Yanagihara (The People in the Trees, 2013) takes the still-bold leap of writing about characters who don’t share her background; in addition to being male, JB is African-American, Malcolm has a black father and white mother, Willem is white, and “Jude’s race was undetermined”—deserted at birth, he was raised in a monastery and had an unspeakably traumatic childhood that’s revealed slowly over the course of the book. Two of them are gay, one straight and one bisexual. There isn’t a single significant female character, and for a long novel, there isn’t much plot. There aren’t even many markers of what’s happening in the outside world; Jude moves to a loft in SoHo as a young man, but we don’t see the neighborhood change from gritty artists’ enclave to glitzy tourist destination.
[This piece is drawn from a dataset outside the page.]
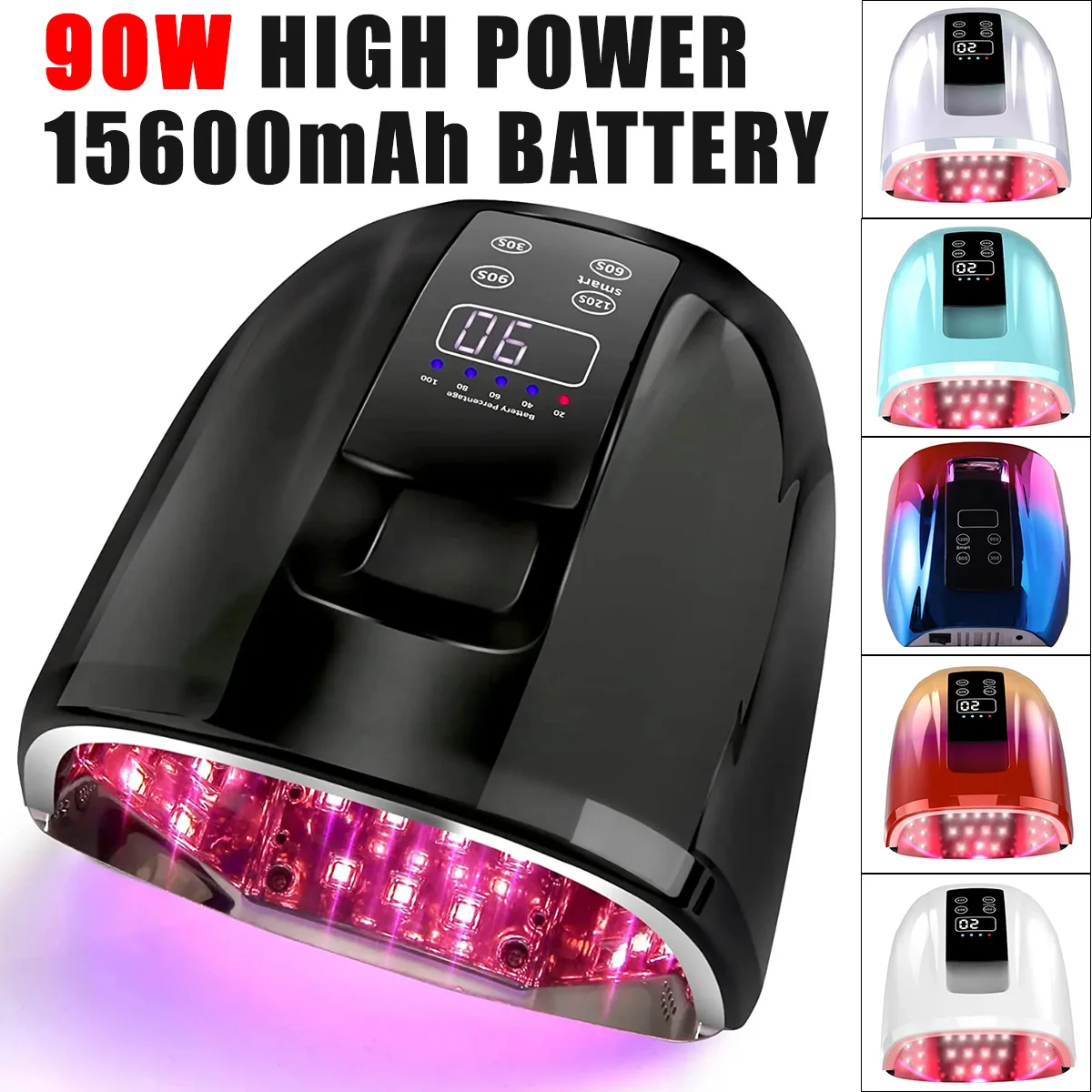 90W High Power Nail Lamp Rechargeable Professional UV LED Gel Nail Curing Dryer Light for Acrylic Manicure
What we get instead is an intensely interior look at the friends’ psyches and relationships, and it’s utterly enthralling. The four men think about work and creativity and success and failure; they cook for each other, compete with each other and jostle for each other’s affection. JB bases his entire artistic career on painting portraits of his friends, while Malcolm takes care of them by designing their apartments and houses. When Jude, as an adult, is adopted by his favorite Harvard law professor, his friends join him for Thanksgiving in Cambridge every year. And when Willem becomes a movie star, they all bask in his glow. Eventually, the tone darkens and the story narrows to focus on Jude as the pain of his past cuts deep into his carefully constructed life.  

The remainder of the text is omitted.